Today’s destination is Nijō Castle, the stately Kyoto residence of the Tokugawa shōguns.
The castle was within walking distance of my hotel in Kyoto, so it was the first major attraction that I visited after arriving in the city. Thankfully enough, the rain clouds that had been following me around for part of my trip failed to make an appearance that day, leaving me with clear skies and perfect conditions for a leisurely afternoon stroll.
The photographs can speak for themselves so from here on, I’ll try to keep the commentary down to a minimum. For a complete historical background and other boring minutiae, check out Wikipedia.
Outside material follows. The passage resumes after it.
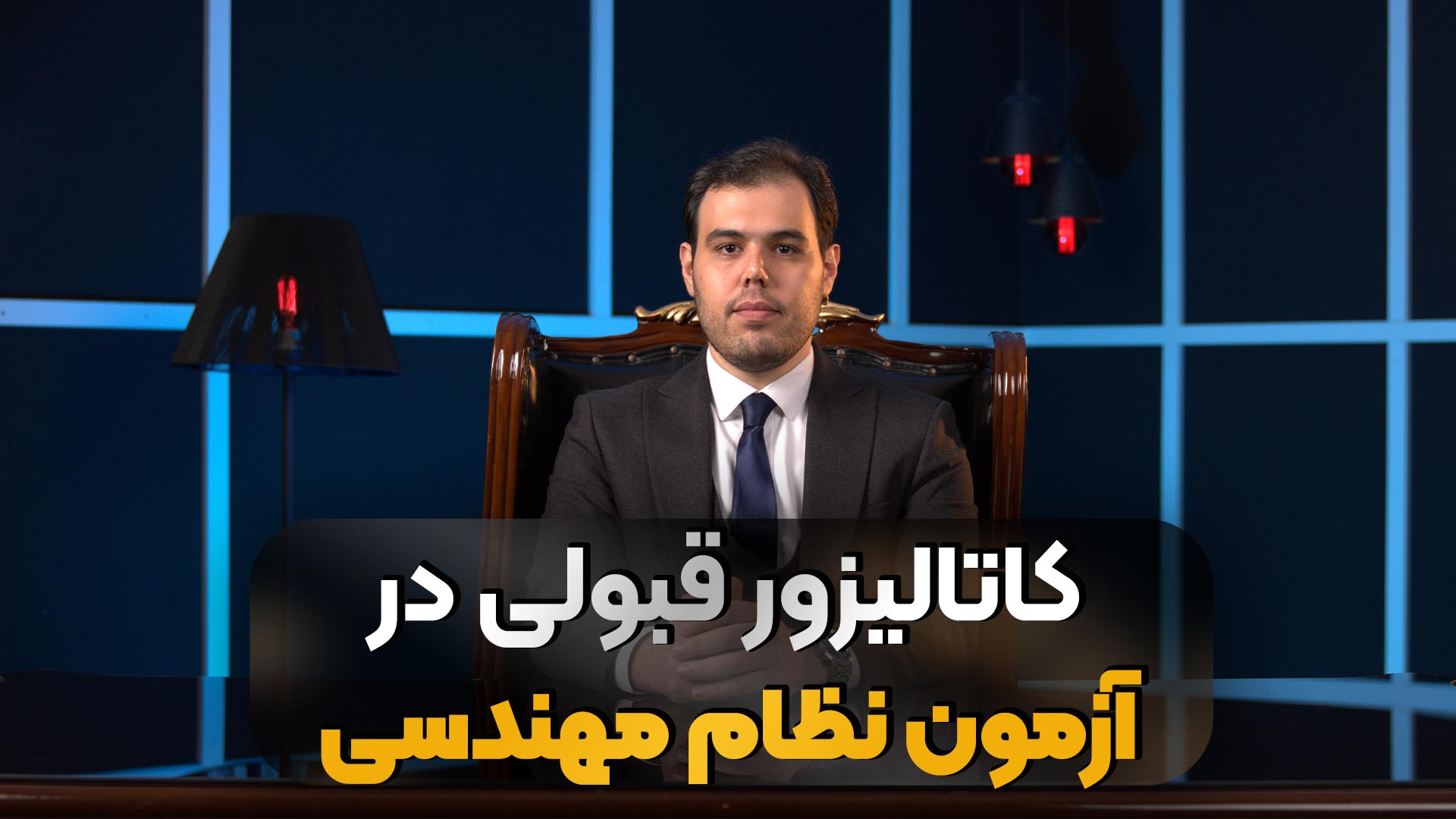 دوره آموزش آزمون نظام مهندسی عمران | آکادمی عمران
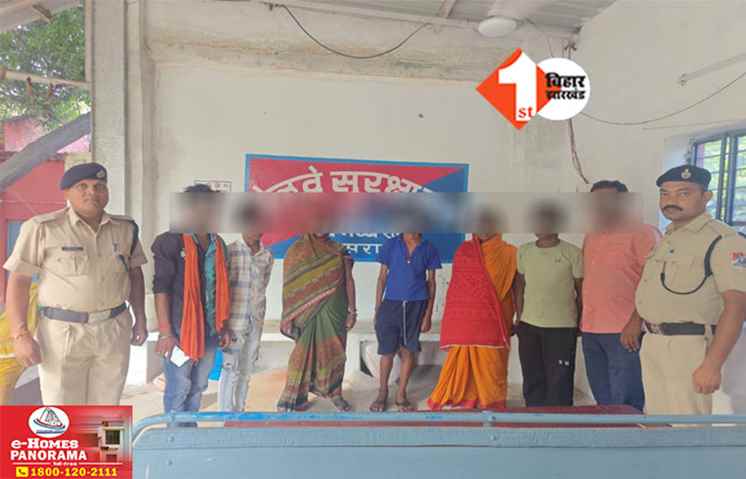 Bihar news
600 yen gets you across the outer moat and through the castle’s monumental main gate.
Around the corner stands the Kara-mon, the main entrance to the Ninomaru Palace compound.
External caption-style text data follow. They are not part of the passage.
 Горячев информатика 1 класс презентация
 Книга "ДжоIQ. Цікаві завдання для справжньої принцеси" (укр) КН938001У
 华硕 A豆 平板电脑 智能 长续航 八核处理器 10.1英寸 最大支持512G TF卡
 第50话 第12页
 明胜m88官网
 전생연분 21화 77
Within the gate stands the sprawling Ninomaru Palace.
Visitors are allowed inside but photography is strictly forbidden. A shame, because the palace’s richly decorated interiors are some of the most splendid I’ve seen anywhere in Japan. Considered individually, the artwork isn’t all that much to look at – but taken together, the effect of the colourful wall paintings, intricate woodwork, brightly painted ceilings and lavish gilding is almost overwhelming in its beauty. And for all that, the palace actually seems like a comfortable place to live in! If I had a billion dollars to spend I’d probably burn much of it building myself a house exactly like this one.